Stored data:
....
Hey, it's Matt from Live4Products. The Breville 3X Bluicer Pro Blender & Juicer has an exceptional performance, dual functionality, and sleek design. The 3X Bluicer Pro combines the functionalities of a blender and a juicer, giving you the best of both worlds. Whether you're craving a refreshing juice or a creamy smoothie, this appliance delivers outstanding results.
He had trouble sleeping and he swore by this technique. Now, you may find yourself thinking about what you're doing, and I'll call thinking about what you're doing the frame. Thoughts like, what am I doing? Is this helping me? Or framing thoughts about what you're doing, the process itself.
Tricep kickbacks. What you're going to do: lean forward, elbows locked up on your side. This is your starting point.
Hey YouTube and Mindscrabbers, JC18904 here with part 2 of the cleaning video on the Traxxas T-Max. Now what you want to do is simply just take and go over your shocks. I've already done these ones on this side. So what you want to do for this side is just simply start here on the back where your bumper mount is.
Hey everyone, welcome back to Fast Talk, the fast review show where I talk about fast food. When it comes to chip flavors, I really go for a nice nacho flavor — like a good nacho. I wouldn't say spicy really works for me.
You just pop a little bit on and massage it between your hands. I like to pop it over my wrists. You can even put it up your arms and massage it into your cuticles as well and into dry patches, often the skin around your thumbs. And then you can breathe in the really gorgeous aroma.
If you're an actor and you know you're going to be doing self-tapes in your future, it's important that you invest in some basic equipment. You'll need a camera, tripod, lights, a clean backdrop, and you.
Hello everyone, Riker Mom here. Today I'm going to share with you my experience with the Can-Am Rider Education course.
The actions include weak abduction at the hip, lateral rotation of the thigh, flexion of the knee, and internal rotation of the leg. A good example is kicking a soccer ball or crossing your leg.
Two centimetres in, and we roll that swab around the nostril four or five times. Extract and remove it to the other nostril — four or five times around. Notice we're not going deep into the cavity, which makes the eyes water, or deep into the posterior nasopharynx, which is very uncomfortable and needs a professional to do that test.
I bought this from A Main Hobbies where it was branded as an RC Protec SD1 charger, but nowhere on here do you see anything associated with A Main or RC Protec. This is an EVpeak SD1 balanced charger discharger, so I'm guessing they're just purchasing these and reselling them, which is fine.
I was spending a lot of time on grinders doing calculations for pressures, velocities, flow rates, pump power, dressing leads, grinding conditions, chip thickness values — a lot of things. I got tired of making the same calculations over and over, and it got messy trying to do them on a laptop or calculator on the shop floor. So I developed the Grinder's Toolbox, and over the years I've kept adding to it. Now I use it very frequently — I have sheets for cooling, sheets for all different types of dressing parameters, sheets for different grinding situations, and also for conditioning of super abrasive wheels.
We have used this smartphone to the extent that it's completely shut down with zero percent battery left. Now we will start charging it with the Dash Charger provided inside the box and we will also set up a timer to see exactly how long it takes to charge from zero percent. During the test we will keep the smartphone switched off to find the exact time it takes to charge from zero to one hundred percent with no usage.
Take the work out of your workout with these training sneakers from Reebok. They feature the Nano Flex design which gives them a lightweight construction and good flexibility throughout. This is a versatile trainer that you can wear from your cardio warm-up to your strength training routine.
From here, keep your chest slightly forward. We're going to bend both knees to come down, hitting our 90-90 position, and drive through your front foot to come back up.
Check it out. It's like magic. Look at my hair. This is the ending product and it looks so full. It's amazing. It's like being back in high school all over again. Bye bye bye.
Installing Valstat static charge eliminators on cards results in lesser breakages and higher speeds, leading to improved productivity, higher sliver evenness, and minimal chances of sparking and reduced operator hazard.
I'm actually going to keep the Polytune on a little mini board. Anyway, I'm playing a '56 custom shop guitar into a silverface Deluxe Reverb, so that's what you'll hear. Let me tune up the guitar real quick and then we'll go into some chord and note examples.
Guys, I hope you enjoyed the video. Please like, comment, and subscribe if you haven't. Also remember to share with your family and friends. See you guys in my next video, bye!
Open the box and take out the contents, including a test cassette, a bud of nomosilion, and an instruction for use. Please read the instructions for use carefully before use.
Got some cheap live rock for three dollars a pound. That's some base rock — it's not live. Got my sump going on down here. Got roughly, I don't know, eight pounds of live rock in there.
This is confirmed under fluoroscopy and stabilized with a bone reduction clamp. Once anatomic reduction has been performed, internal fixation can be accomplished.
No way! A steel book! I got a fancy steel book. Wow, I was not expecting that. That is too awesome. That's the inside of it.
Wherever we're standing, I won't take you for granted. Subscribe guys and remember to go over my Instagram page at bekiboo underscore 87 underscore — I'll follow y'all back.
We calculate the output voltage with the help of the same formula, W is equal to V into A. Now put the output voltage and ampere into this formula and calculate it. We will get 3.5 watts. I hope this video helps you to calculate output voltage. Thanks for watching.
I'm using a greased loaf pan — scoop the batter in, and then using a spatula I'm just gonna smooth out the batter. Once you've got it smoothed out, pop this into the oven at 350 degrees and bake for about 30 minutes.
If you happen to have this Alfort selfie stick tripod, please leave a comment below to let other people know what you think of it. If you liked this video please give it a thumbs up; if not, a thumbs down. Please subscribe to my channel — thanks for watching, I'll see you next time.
....
## Exercise aim
Would you please copy exactly the part of the entries above that begins at the line containing "From here, keep" and ends at the line containing "I'm actually going", both lines included?

## Output below
From here, keep your chest slightly forward. We're going to bend both knees to come down, hitting our 90-90 position, and drive through your front foot to come back up.
Check it out. It's like magic. Look at my hair. This is the ending product and it looks so full. It's amazing. It's like being back in high school all over again. Bye bye bye.
Installing Valstat static charge eliminators on cards results in lesser breakages and higher speeds, leading to improved productivity, higher sliver evenness, and minimal chances of sparking and reduced operator hazard.
I'm actually going to keep the Polytune on a little mini board. Anyway, I'm playing a '56 custom shop guitar into a silverface Deluxe Reverb, so that's what you'll hear. Let me tune up the guitar real quick and then we'll go into some chord and note examples.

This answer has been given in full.